Short descriptive text snippets →
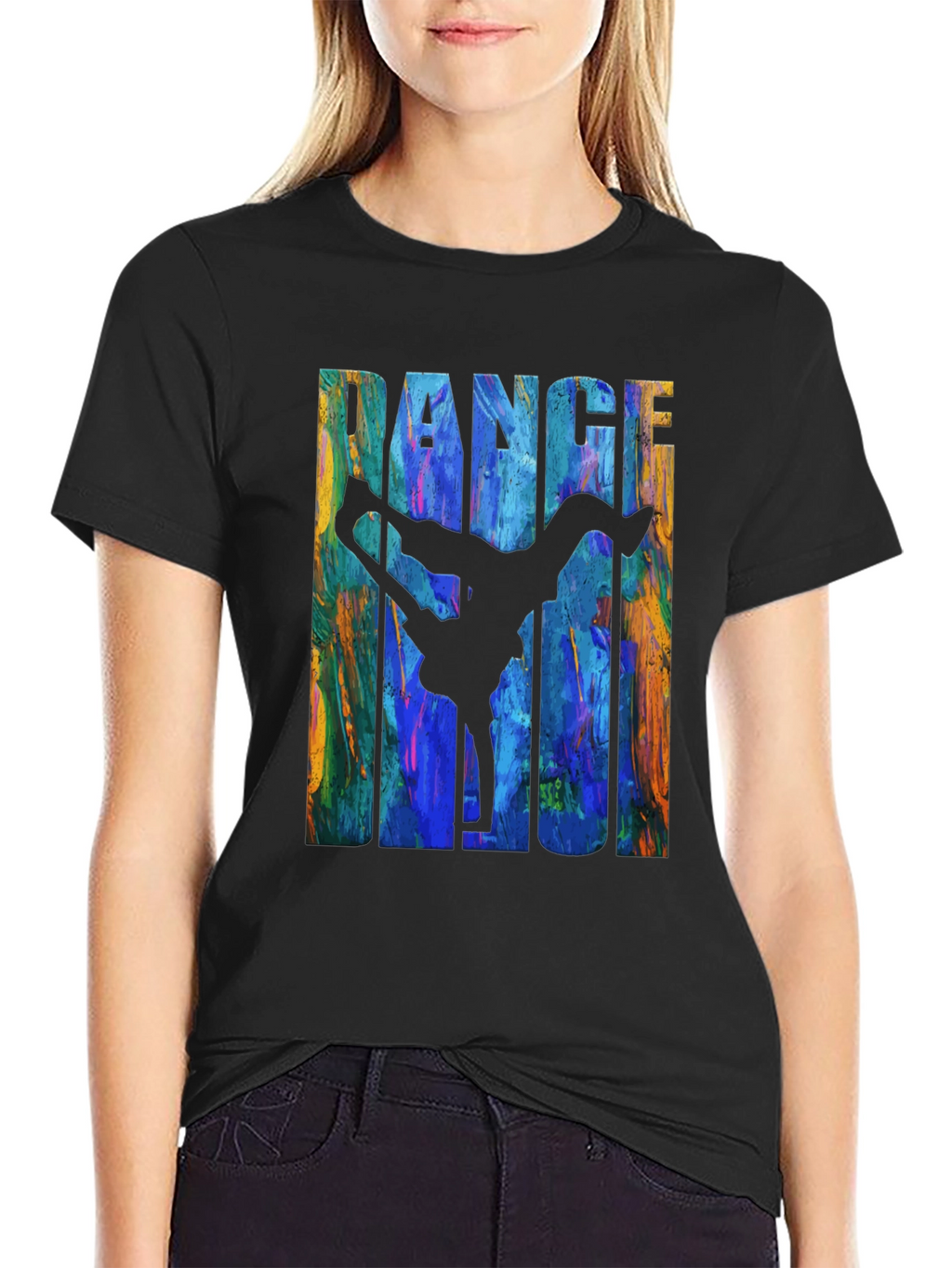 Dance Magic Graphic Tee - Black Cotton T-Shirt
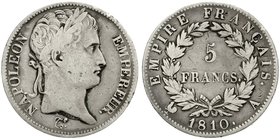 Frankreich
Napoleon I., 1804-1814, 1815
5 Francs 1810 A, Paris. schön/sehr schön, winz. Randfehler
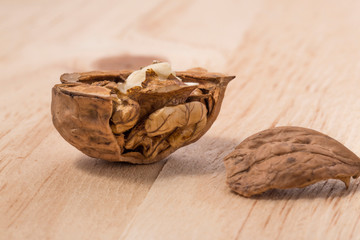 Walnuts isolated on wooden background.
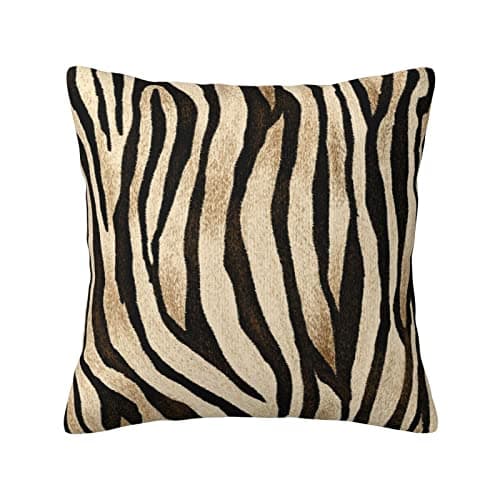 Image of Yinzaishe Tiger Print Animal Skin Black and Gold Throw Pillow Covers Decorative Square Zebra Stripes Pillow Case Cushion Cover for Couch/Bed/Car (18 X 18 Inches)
---
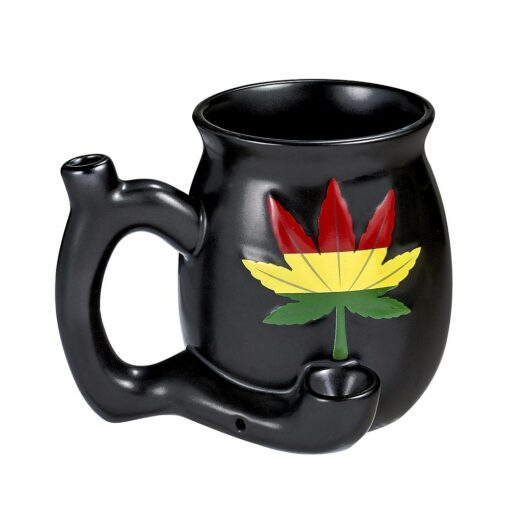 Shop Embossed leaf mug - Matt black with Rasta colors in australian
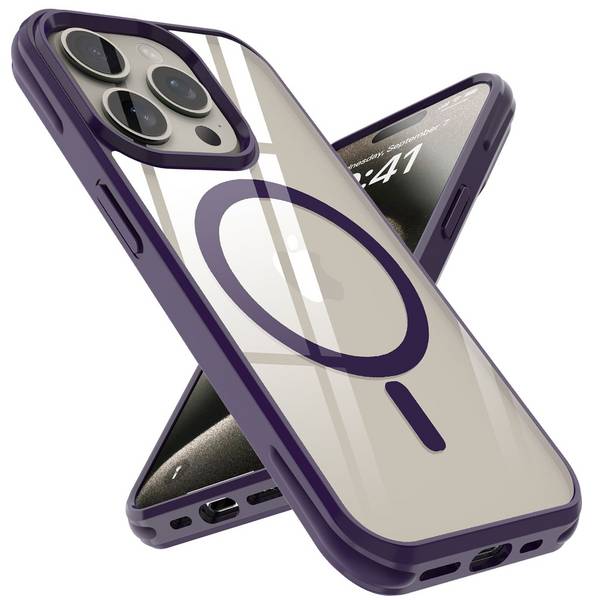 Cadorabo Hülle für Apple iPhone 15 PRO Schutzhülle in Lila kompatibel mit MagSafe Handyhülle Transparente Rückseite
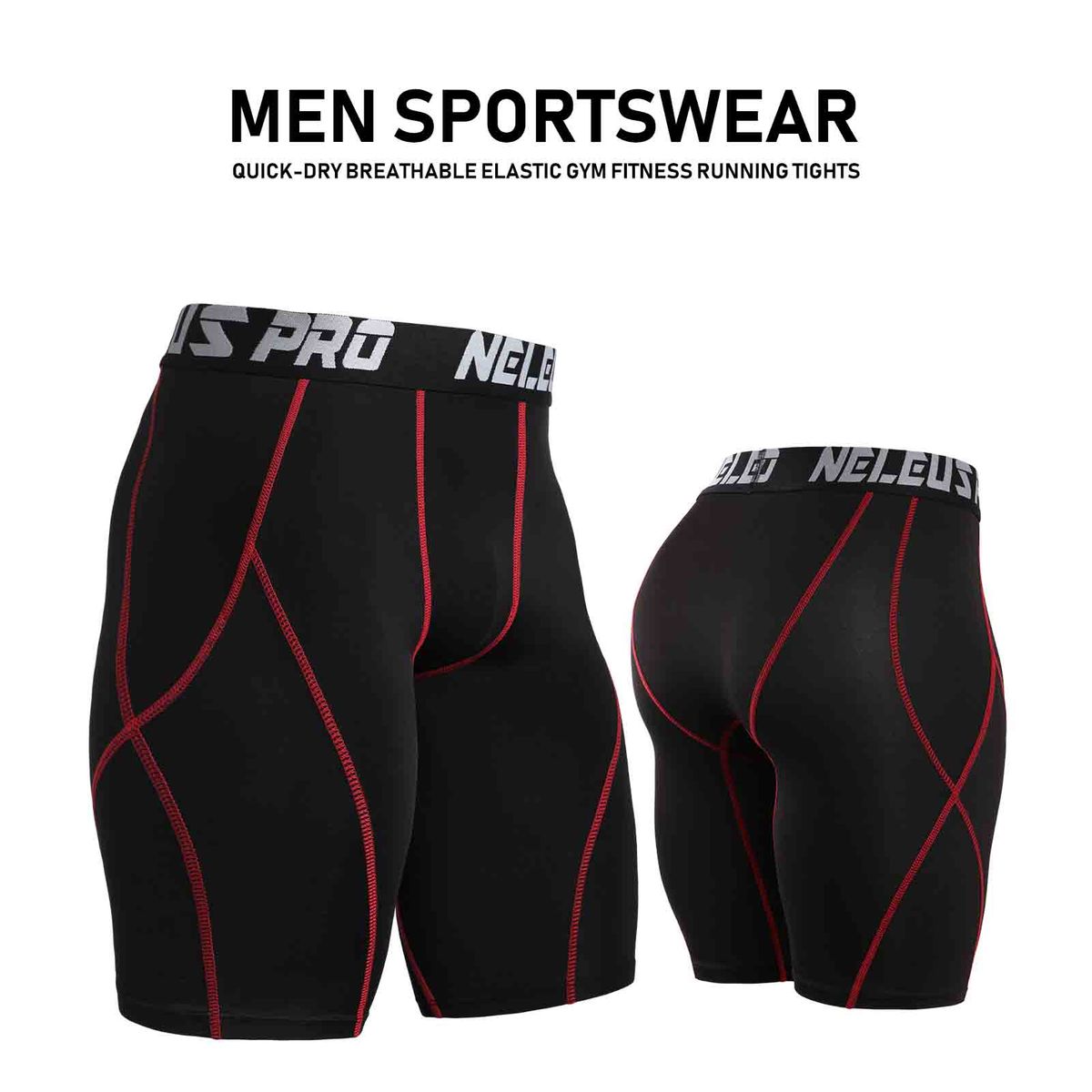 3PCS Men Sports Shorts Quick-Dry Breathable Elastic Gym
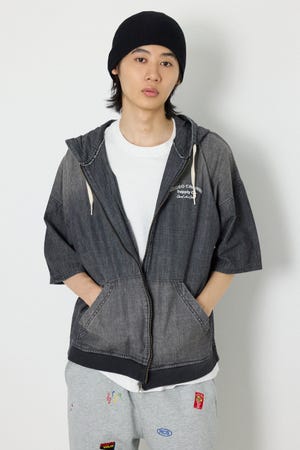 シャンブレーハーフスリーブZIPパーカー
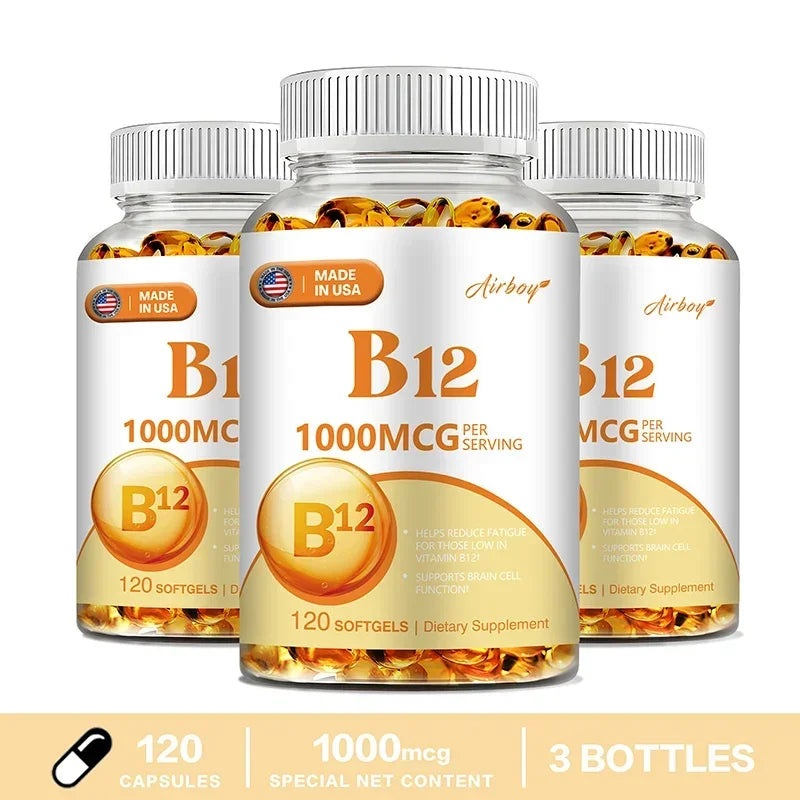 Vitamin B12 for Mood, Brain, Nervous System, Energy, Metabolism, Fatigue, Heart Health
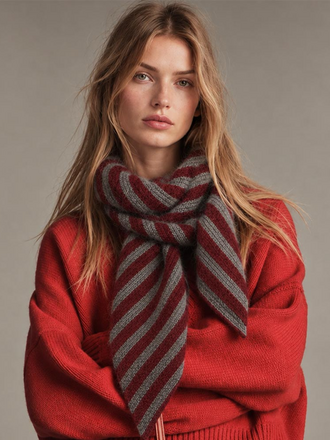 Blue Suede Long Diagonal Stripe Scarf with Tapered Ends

EXERCISE REQUIREMENTS → Copy word for word the lines above, starting at the line containing "Dance Magic Graphic" and ending at the line containing "Image of Yinzaishe", inclusive, with no pictures.

EXERCISE OUTPUT →
 Dance Magic Graphic Tee - Black Cotton T-Shirt
 Frankreich
Napoleon I., 1804-1814, 1815
5 Francs 1810 A, Paris. schön/sehr schön, winz. Randfehler
 Walnuts isolated on wooden background.
 Image of Yinzaishe Tiger Print Animal Skin Black and Gold Throw Pillow Covers Decorative Square Zebra Stripes Pillow Case Cushion Cover for Couch/Bed/Car (18 X 18 Inches)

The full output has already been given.